L'utilisation des informations privilégiées détenues de manière exclusive par EDF au titre de son ancien monopole (plus de 20 millions de noms et d'adresses, dont les données sont régulièrement mises à jour par les usagers) a constitué un avantage significatif pour EDF ENR en lui permettant d'assurer la promotion de ses offres auprès d'un nombre élevé de prospects, dans des conditions qui ne pouvaient être répliquées par les concurrents.

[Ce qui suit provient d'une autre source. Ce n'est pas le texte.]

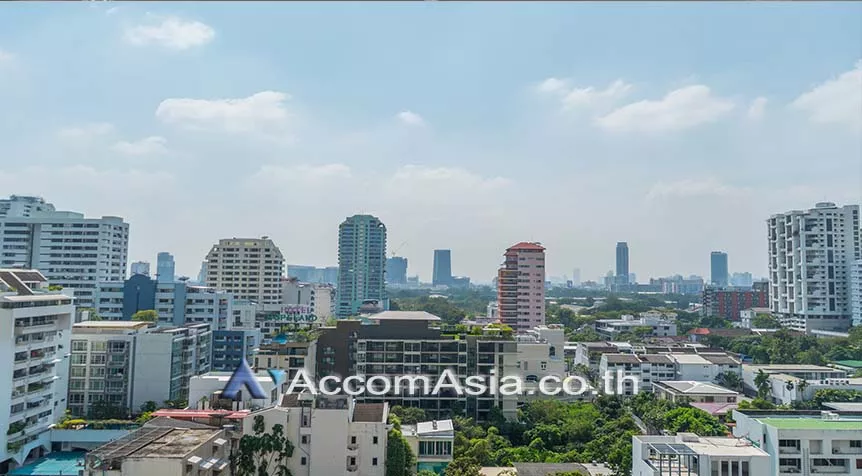Penthouse, Pet friendly |  3 Bedrooms  Apartment For Rent in Sukhumvit, Bangkok  near BTS Nana (AA26129)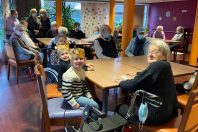 Deux classes de maternelle dans un Ehpad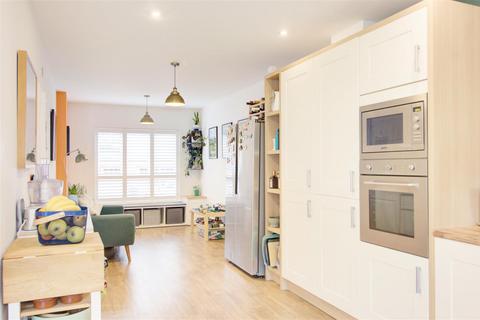5 Brooke Close, Malmesbury, SN16 9FJ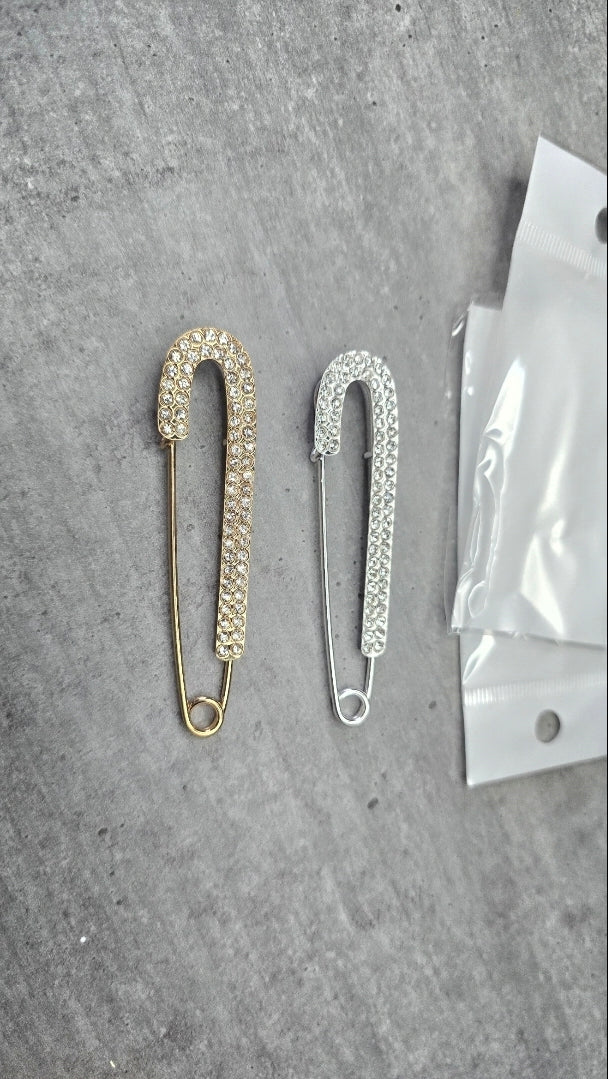 Broche en acier inoxydable - neuf sous blister - argentée ou dorée remplie de strass - chic élégante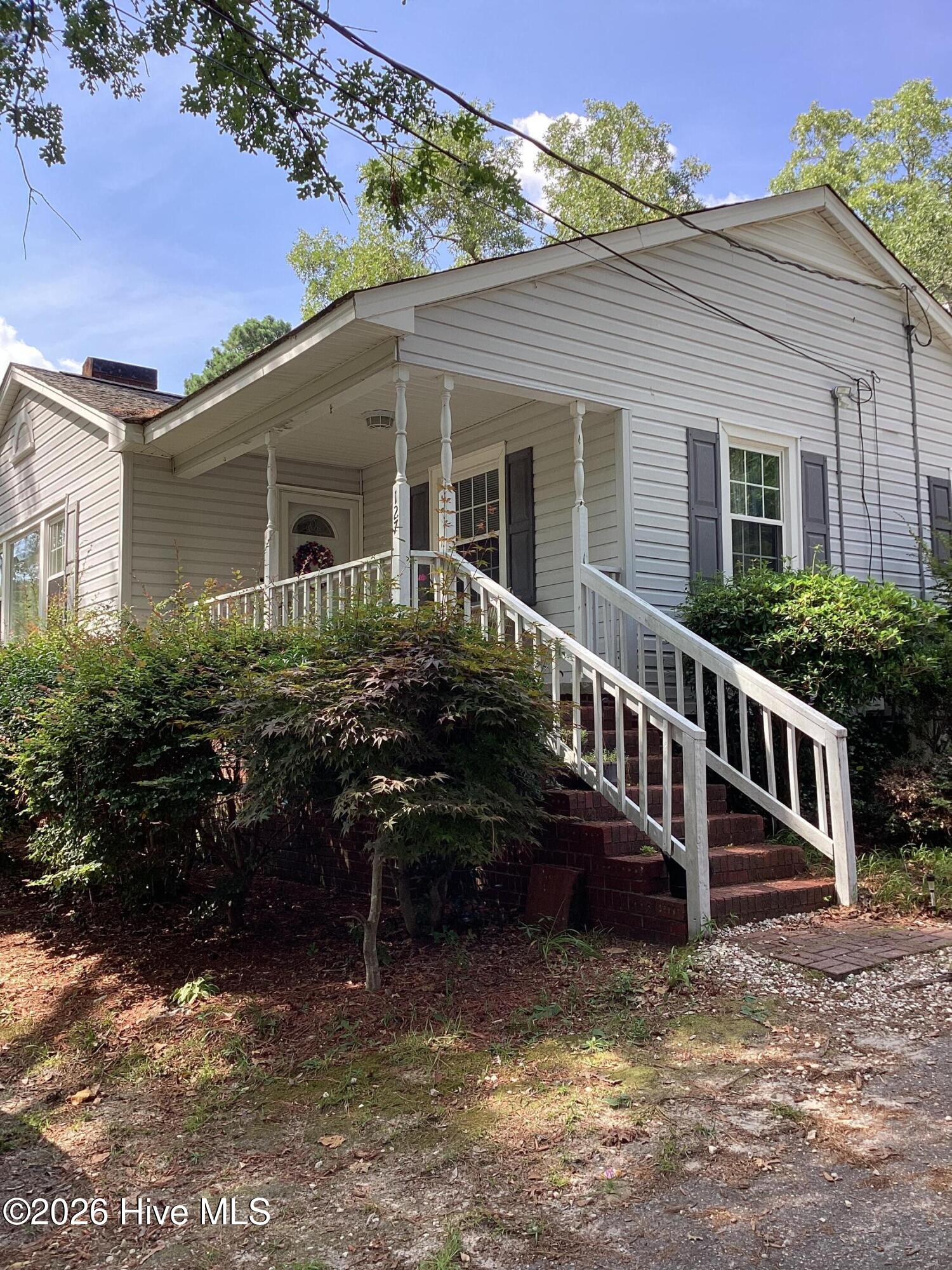 127 Woodland Road Rockingham, NC 28379 - Photo 2 of 8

Ces concurrents, constitués de PME aux marques inconnues, ont été durablement affectées par l'ensemble de ces pratiques, qui ont perturbé, dès le départ, toute réelle possibilité de concurrence.
Les entreprises présentes sur ce marché, ainsi affaiblies, ont ensuite disparu dans leur quasi intégralité, quand les incertitudes sur le prix de rachat de l'électricité photovoltaïque ont entrainé un ralentissement de la demande et une explosion du coût d'acquisition des clients.